Anthracyclines Cause Endothelial Injury in Pediatric Cancer Patients: A Pilot Study

Abstract
Purpose: The vascular endothelium plays a central role in the regulation of arterial vasomotor tone, releasing nitric oxide for vasodilation. Endothelial-dependent vasodilation can be assessed in vivo, using high resolution ultrasound to measure changes in diameter of the brachial artery. Animal studies have demonstrated that anthracyclines can damage the endothelium and impair the vasodilatory response of arteries; however, there are no comparable data in humans. This is a pilot study assessing endothelial toxicity from anthracyclines in pediatric cancer patients. Patients and Methods: Fourteen control patients and 14 cancer patients (4 to 21 years) were studied. Cancer patients had completed chemotherapy containing no less than 300 mg/m2 of anthracyclines 2 to 60 months before study. Brachial artery diameters were measured at rest and 1 minute after blood pressure cuff occlusion. Brachial artery reactivity (BAR) was calculated as percent change between baseline and after cuff deflation measurements. Results were compared using unpaired, two-tailed t-test. Results: Baseline characteristics, including age, percentage of females, blood pressure, and resting vessel diameters were similar between the two groups.
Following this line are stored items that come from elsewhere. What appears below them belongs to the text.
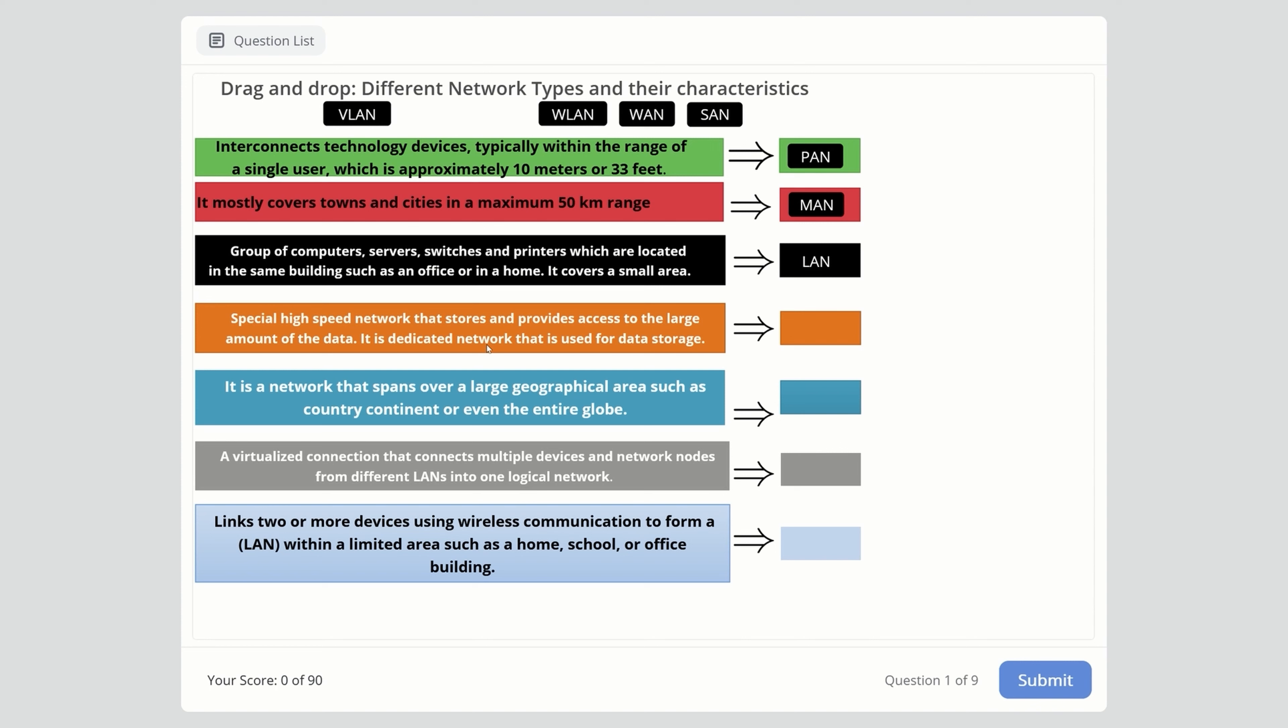Next one: special high-speed network that stores and provides access to large amounts of data. It's a dedicated network used for data storage. Here's the key - it's used for data storage. This is SAN, which stands for Storage Area Network.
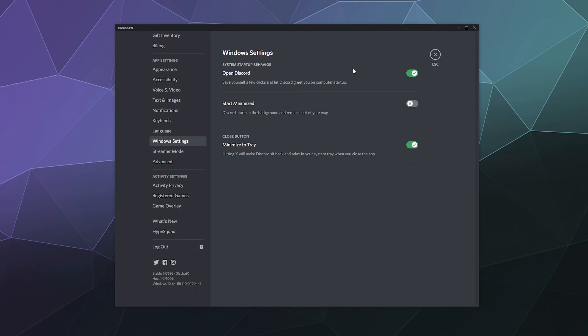Now, why would this be important? A lot of programs want to start when your computer starts because that increases the likelihood that you will use them and continue to use them, and in some roundabout way, depending on the program, make them money.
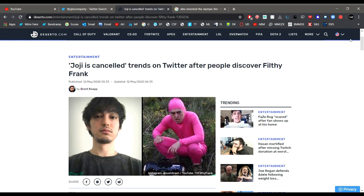Hello internet, and welcome to another video on the EJ Black YouTube channel. Today I am talking about Joji being cancelled.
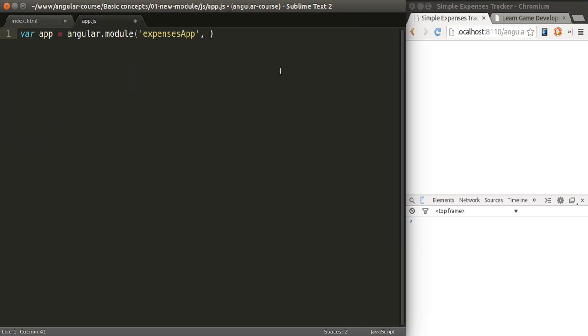Modules can depend on other modules. You can inject modules inside of other modules so that they can use those other modules' functionality. In this case, we're not injecting any module, but we still have to specify the dependencies, which in this case is going to be an empty array.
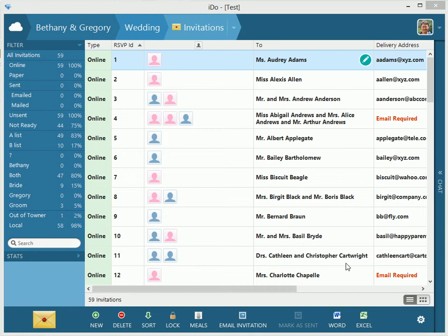Here we are on the invitation screen. You can see that we have the 59 invitations that were created for us automatically when we did the contact import.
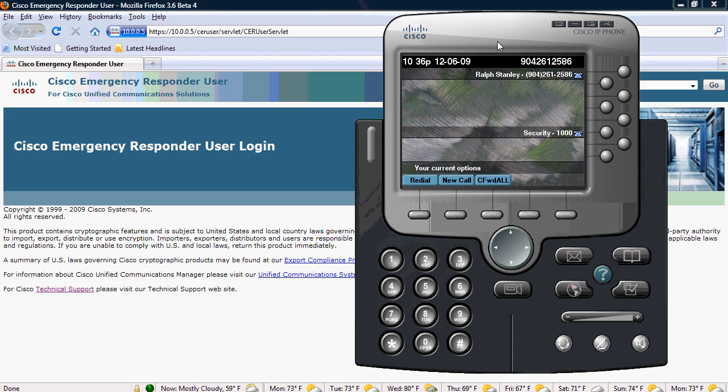Hi, this is Jason Aarons with Dimension Data, and I'm giving an overview of Cisco Emergency Responder 7.1.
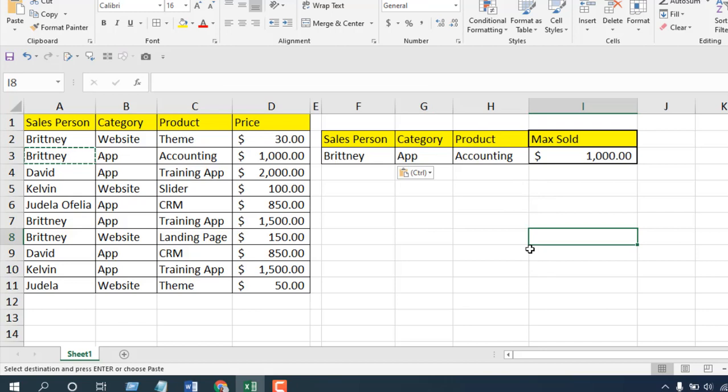So we can find the maximum value based on different filtering conditions. This is the MAXIFS function and this is how it works.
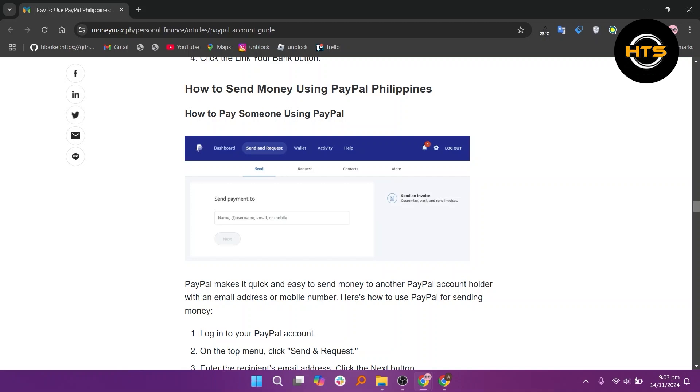PayPal makes it quick and easy to send money to another PayPal account holder with an email address or phone number.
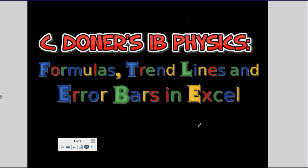Okay, what we're going to do today is look at how we use formulas and make trend lines and draw error bars using Microsoft Excel.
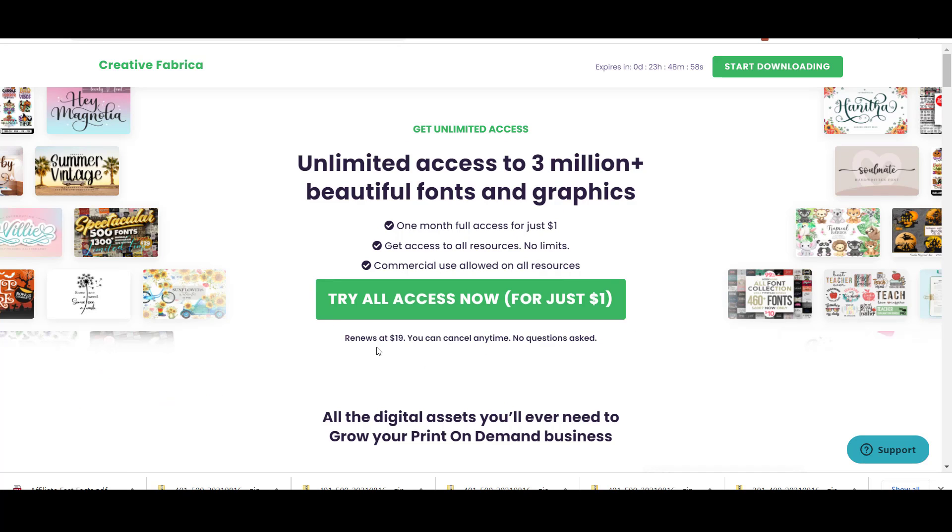You can only get access to this offer through the link in the description in the video. The offer is for a $1 subscription for the first month and a renewal for $19 starting from the second month instead of $29. And they still offer cancellation at any time.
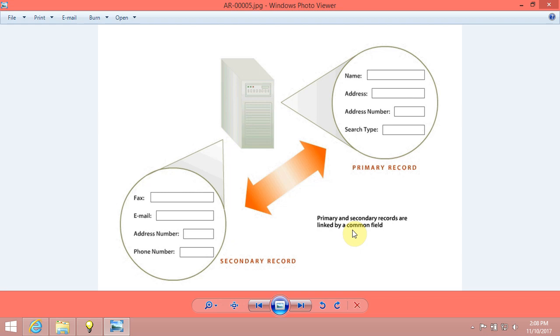Secondary records contain additional information related to the primary record. For example, you can store phone numbers as a secondary record.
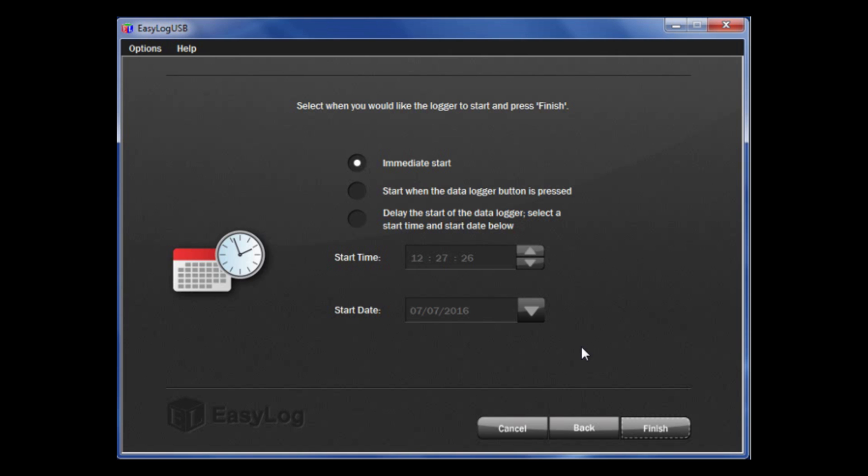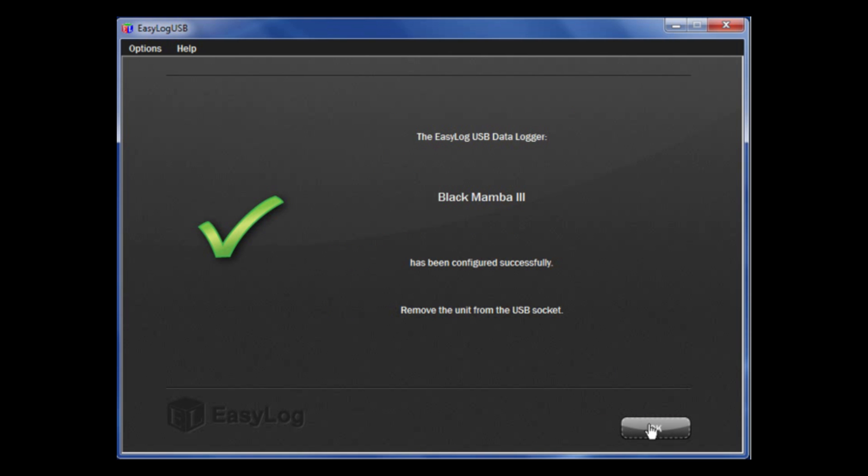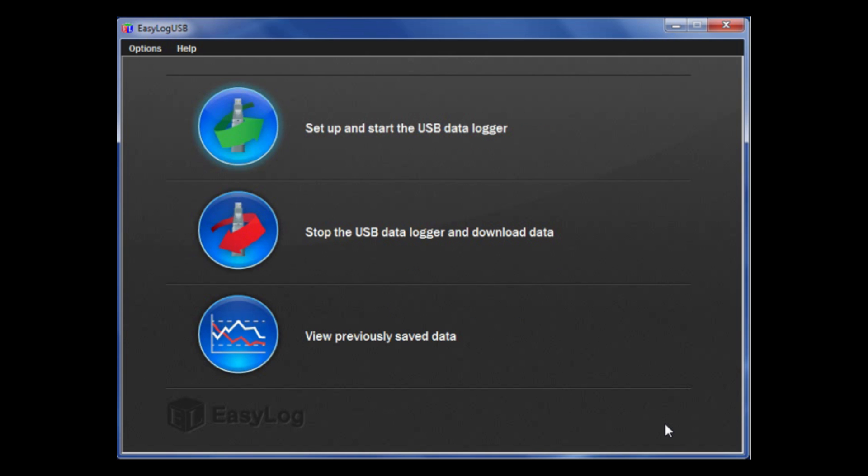Once that is complete, click Finish and your data logger is now complete. Simply click OK to exit. Now, you can take the data logger out of the USB port and place it in the desired location as it is ready to start taking data.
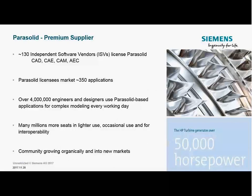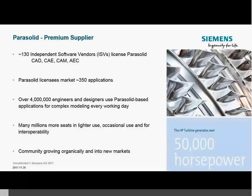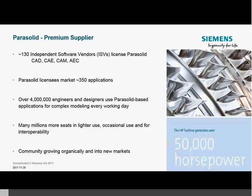At the moment we have just over 130 independent software vendors who license Parasolid in the CAD, CAM, CAE, and AEC markets, with approximately 350 commercial applications for sale. Every day over 4 million engineers sit down to a seat of Parasolid-based applications to do complex modelling. We have many more millions of end users using Parasolid applications in lighter modelling, occasional use, or solely for interoperability. This community has grown steadily over the years and continues to grow organically, with new opportunities as technologies overlap — for instance, medical scanning creating increasing overlap between engineering and medical technology.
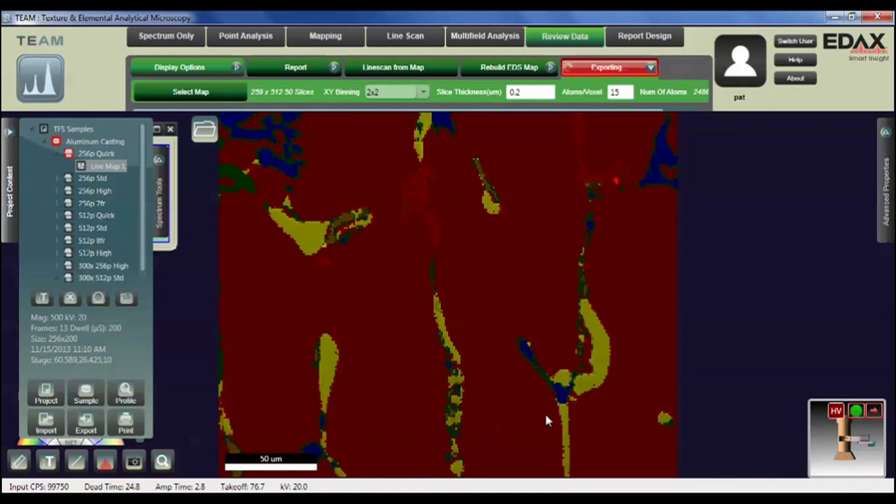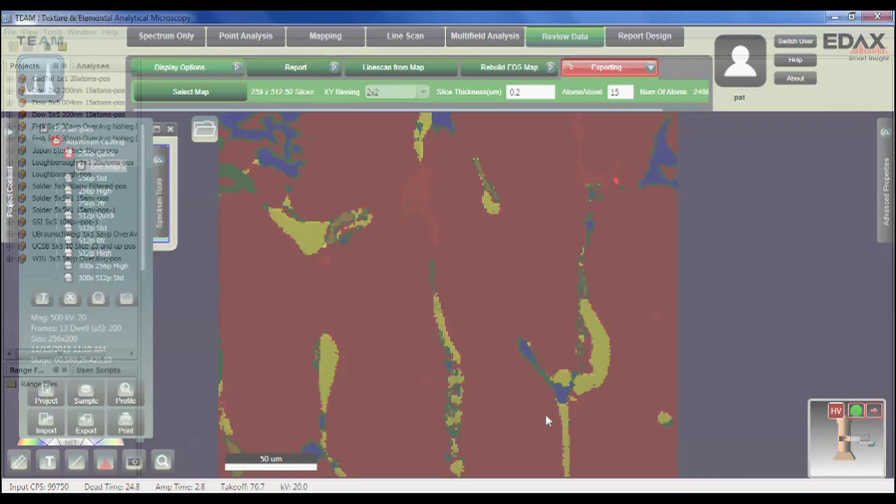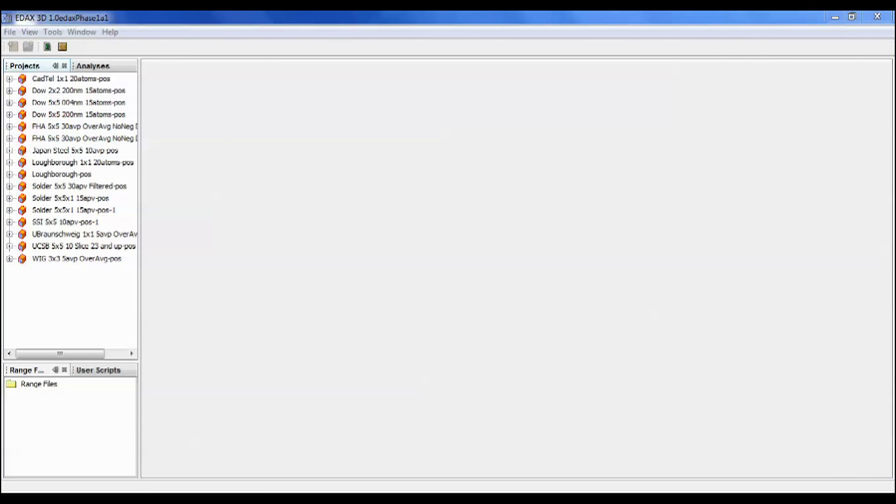Hit enter and now it will do the processing of performing quantitation. And now that the TEAM software has combined all of the individual slices into one POS file, now what we need to do is analyze that POS file as one unit to understand the three dimensionality of the elemental x-rays in the structure.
BAR in the controls averaged 6.7% with a standard deviation (SD) of 3.3%, while BAR in patients receiving anthracyclines averaged 3.8% with an SD of 3.4%, demonstrating a significant decrease (P < .05) in vasomotor reactivity in the treated group. Conclusion: These results suggest that anthracyclines cause impaired endothelial function, an important and newly recognized toxicity. Since endothelial dysfunction is an early event in atherogenesis, there may be important clinical implications from these findings. Further study is required to confirm these preliminary results in a larger cohort.